## What you will do
Copy the complete listing word for word, but do not carry over any images.

## Material provided
··········

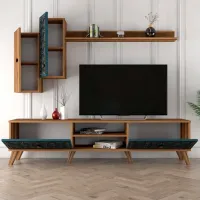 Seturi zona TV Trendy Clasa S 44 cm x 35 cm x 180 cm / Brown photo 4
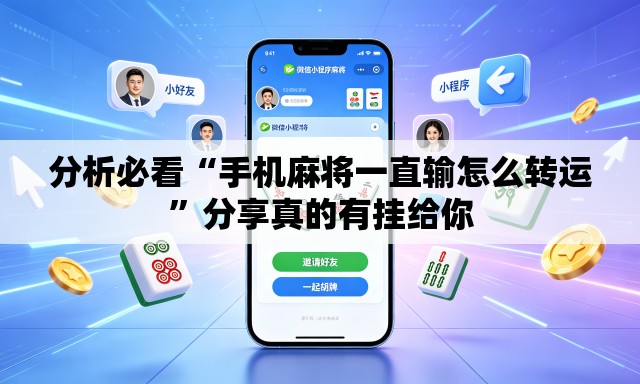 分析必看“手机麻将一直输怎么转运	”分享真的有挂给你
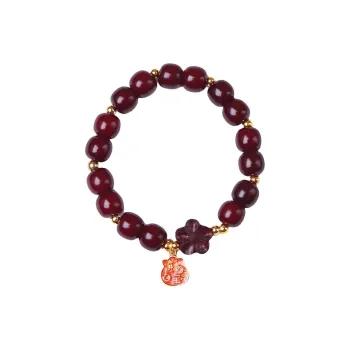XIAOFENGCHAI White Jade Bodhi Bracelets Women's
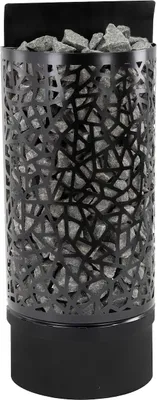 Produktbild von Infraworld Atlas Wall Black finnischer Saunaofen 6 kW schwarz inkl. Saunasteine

··········

## Written answer
 Seturi zona TV Trendy Clasa S 44 cm x 35 cm x 180 cm / Brown photo 4
 分析必看“手机麻将一直输怎么转运	”分享真的有挂给你
XIAOFENGCHAI White Jade Bodhi Bracelets Women's
 Produktbild von Infraworld Atlas Wall Black finnischer Saunaofen 6 kW schwarz inkl. Saunasteine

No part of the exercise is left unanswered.